AVAILABLE DATA:
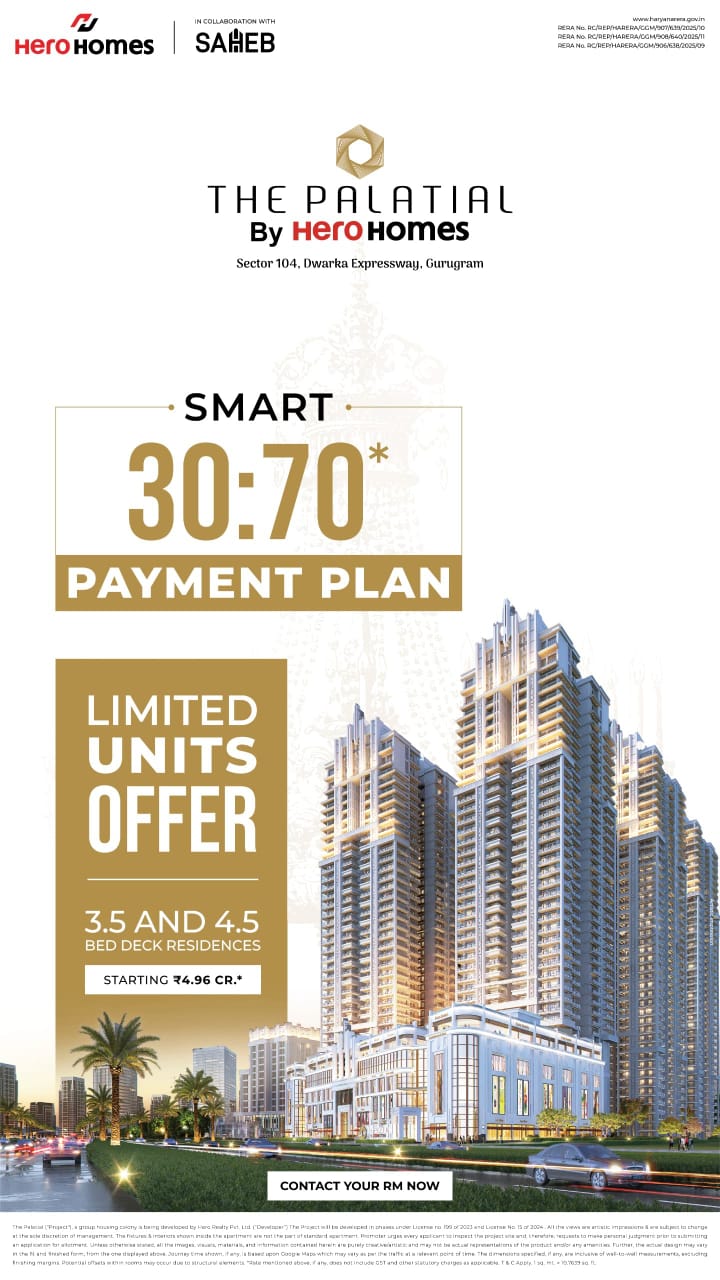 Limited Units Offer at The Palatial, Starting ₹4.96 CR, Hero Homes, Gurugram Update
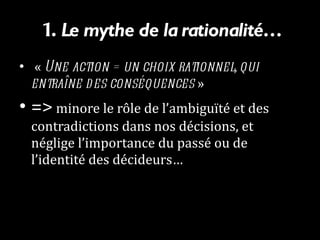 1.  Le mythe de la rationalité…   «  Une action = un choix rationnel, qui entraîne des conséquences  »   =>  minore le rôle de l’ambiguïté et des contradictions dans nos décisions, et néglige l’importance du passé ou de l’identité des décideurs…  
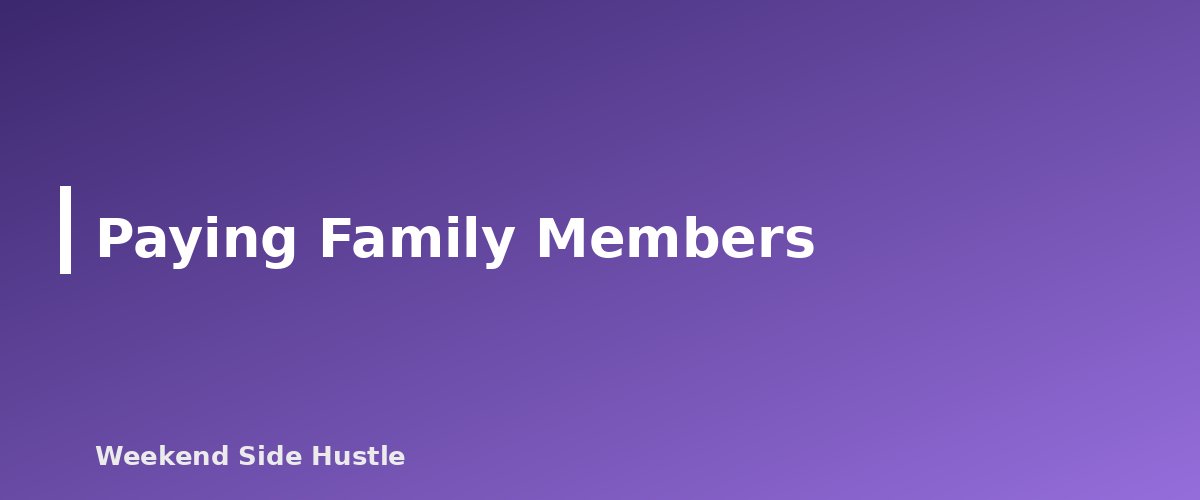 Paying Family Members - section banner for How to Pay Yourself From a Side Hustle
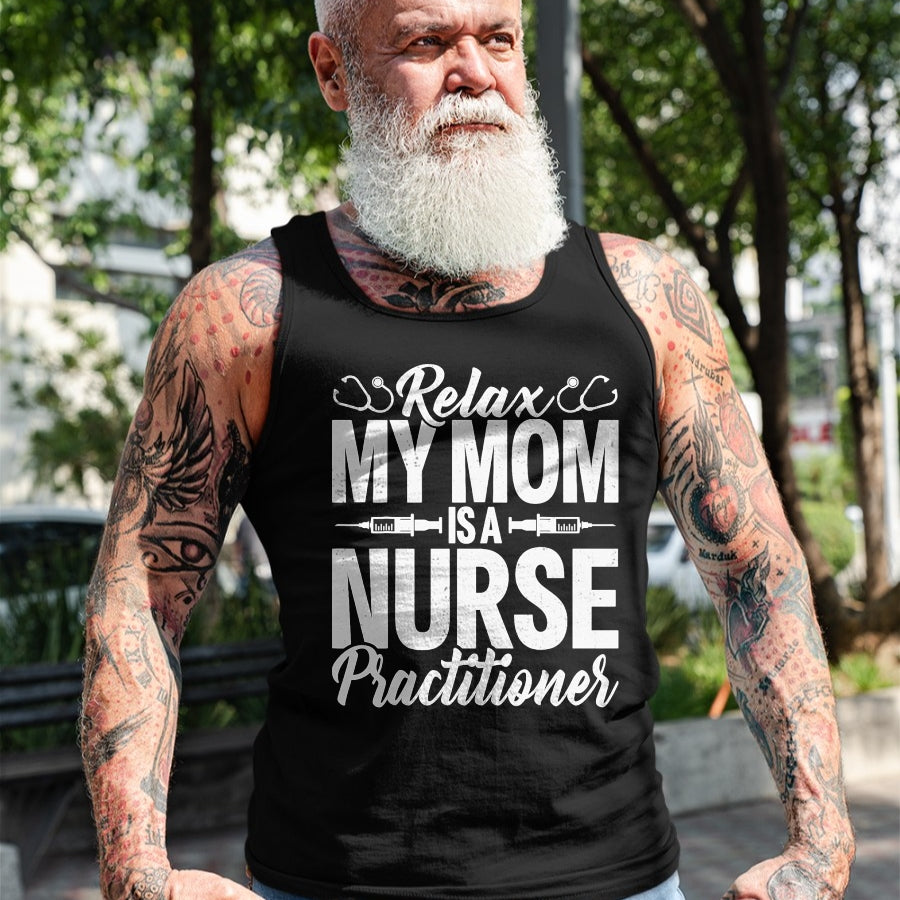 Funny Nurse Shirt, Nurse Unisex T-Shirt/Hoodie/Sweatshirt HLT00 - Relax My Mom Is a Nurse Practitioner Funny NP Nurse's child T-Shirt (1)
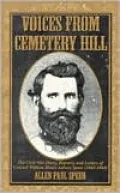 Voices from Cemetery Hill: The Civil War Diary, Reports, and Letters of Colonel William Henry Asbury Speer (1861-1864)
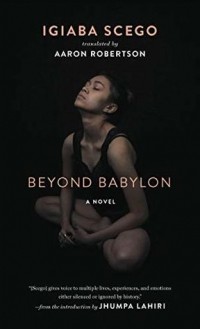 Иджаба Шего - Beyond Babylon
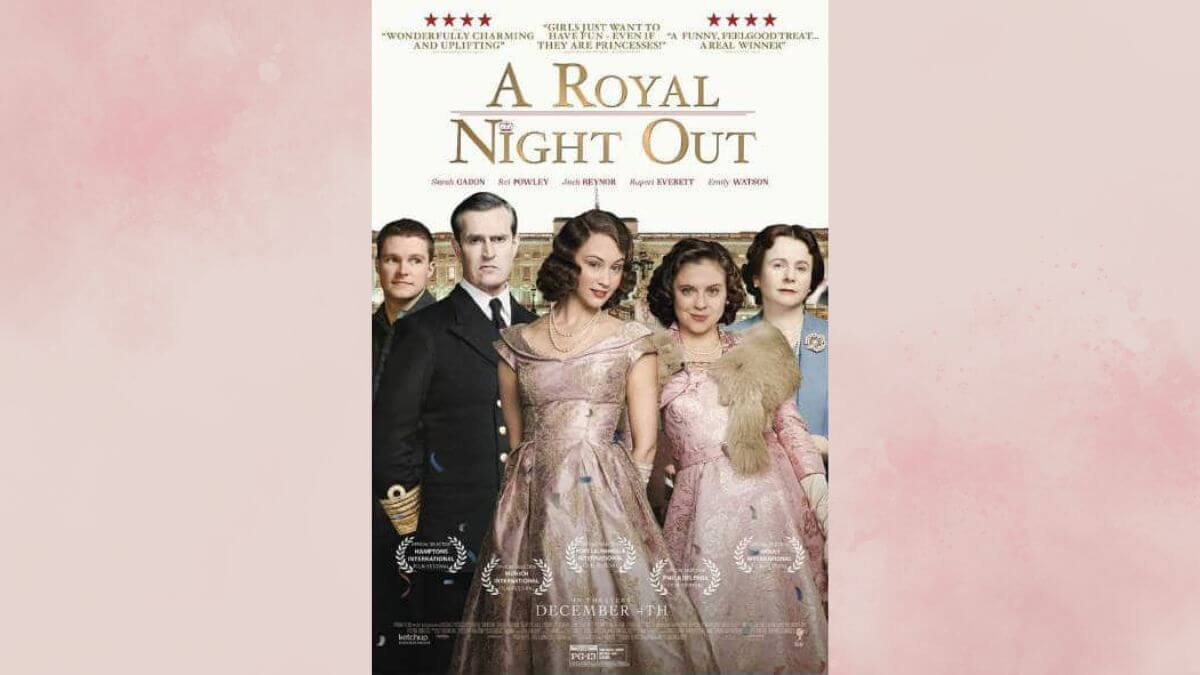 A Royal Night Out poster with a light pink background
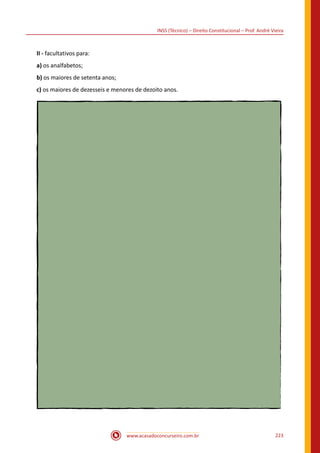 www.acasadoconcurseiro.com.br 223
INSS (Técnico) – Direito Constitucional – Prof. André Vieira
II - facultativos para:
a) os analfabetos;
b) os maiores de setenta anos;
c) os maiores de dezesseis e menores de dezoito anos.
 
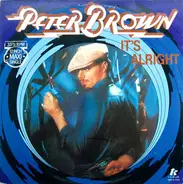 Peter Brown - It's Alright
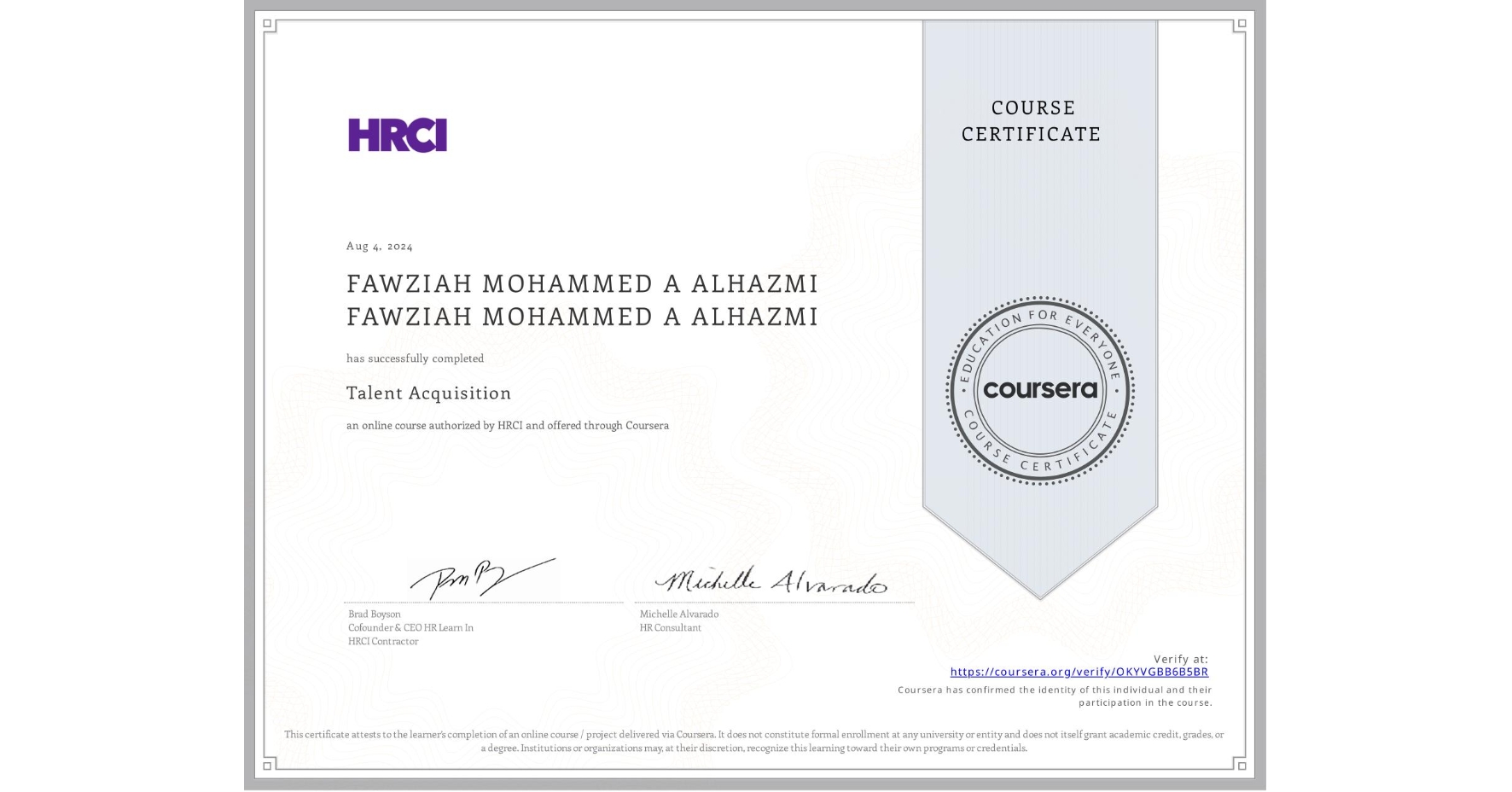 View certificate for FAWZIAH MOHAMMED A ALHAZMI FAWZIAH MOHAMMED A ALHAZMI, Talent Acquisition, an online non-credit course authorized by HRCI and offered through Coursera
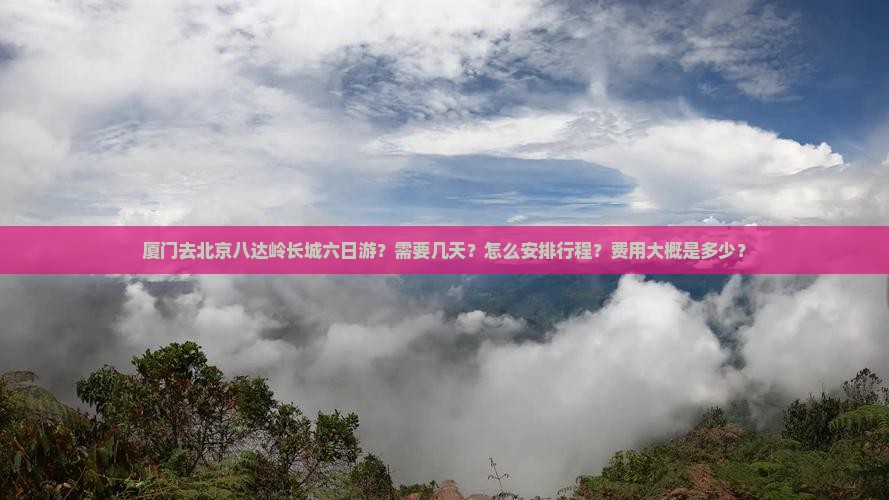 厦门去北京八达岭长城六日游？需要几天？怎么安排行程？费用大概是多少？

AIM OF THE EXERCISE:
Give back the material above word for word; no picture belongs in it.

WRITTEN REPLY:
 Limited Units Offer at The Palatial, Starting ₹4.96 CR, Hero Homes, Gurugram Update
 1.  Le mythe de la rationalité…   «  Une action = un choix rationnel, qui entraîne des conséquences  »   =>  minore le rôle de l’ambiguïté et des contradictions dans nos décisions, et néglige l’importance du passé ou de l’identité des décideurs…  
 Paying Family Members - section banner for How to Pay Yourself From a Side Hustle
 Funny Nurse Shirt, Nurse Unisex T-Shirt/Hoodie/Sweatshirt HLT00 - Relax My Mom Is a Nurse Practitioner Funny NP Nurse's child T-Shirt (1)
 Voices from Cemetery Hill: The Civil War Diary, Reports, and Letters of Colonel William Henry Asbury Speer (1861-1864)
 Иджаба Шего - Beyond Babylon
 A Royal Night Out poster with a light pink background
 www.acasadoconcurseiro.com.br 223
INSS (Técnico) – Direito Constitucional – Prof. André Vieira
II - facultativos para:
a) os analfabetos;
b) os maiores de setenta anos;
c) os maiores de dezesseis e menores de dezoito anos.
 
 Peter Brown - It's Alright
 View certificate for FAWZIAH MOHAMMED A ALHAZMI FAWZIAH MOHAMMED A ALHAZMI, Talent Acquisition, an online non-credit course authorized by HRCI and offered through Coursera
 厦门去北京八达岭长城六日游？需要几天？怎么安排行程？费用大概是多少？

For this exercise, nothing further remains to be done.